How do you pick out a good cooking pumpkin?
Make sure it’s nice and firm and look for a bright orange color. I use very small pumpkins, about the size of softballs, because they seem meatier and richer in flavor.
What are some creative things to do with the parts you’re not using in a recipe?
We take the flesh of the pumpkin and grind it in a food processor, then spread it out, dry it, and grind it in a coffee-bean grinder. That gives you an intense, sweet pumpkin “dust” that can be sprinkled on fish, meat, or a salad. One small pumpkin will yield a quarter cup, which can be stored at room temperature in a plastic container for a couple of weeks.
Do you use the skin?
No, peel the pumpkin with a knife.
What do you do with the seeds?
Rinse, dry, and toast them in the oven, then grind them or chop them rough. They can be used as a garnish, or you can make candied pumpkin seeds by mixing them with a little brown sugar and butter.
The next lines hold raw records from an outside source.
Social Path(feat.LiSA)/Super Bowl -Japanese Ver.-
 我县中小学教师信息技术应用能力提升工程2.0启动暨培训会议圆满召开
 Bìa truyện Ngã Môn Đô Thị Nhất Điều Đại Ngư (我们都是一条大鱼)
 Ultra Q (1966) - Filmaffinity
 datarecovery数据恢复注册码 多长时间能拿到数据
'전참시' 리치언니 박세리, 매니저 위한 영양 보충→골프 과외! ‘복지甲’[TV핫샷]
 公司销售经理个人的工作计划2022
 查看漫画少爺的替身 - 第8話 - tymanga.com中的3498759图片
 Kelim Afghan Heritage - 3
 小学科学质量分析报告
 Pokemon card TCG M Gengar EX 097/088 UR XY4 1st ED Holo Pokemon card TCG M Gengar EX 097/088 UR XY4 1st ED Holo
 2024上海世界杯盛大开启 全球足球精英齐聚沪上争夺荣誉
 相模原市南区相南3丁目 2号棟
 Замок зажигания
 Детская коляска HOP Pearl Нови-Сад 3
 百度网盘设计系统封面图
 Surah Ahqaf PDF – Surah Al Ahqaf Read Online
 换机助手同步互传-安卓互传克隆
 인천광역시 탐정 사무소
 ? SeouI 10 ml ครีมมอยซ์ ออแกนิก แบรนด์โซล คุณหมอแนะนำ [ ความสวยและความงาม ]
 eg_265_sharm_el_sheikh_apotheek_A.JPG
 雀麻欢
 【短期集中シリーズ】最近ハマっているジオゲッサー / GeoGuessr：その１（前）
Which spices complement pumpkin?
All the fall spices such as ginger and nutmeg work really well. I’m also drawn to a nice brown butter, for its nutty flavor.
What goes well with the gnocchi?
At the restaurant we do braised veal cheeks, but you can serve it with any kind of dark, rich braised meat, like leg of lamb.
Is canned pumpkin ever okay?
Use a fresh pumpkin unless you’re making a pie. For anything else, don’t be intimidated. Just treat it like a butternut squash with a slightly different flavor.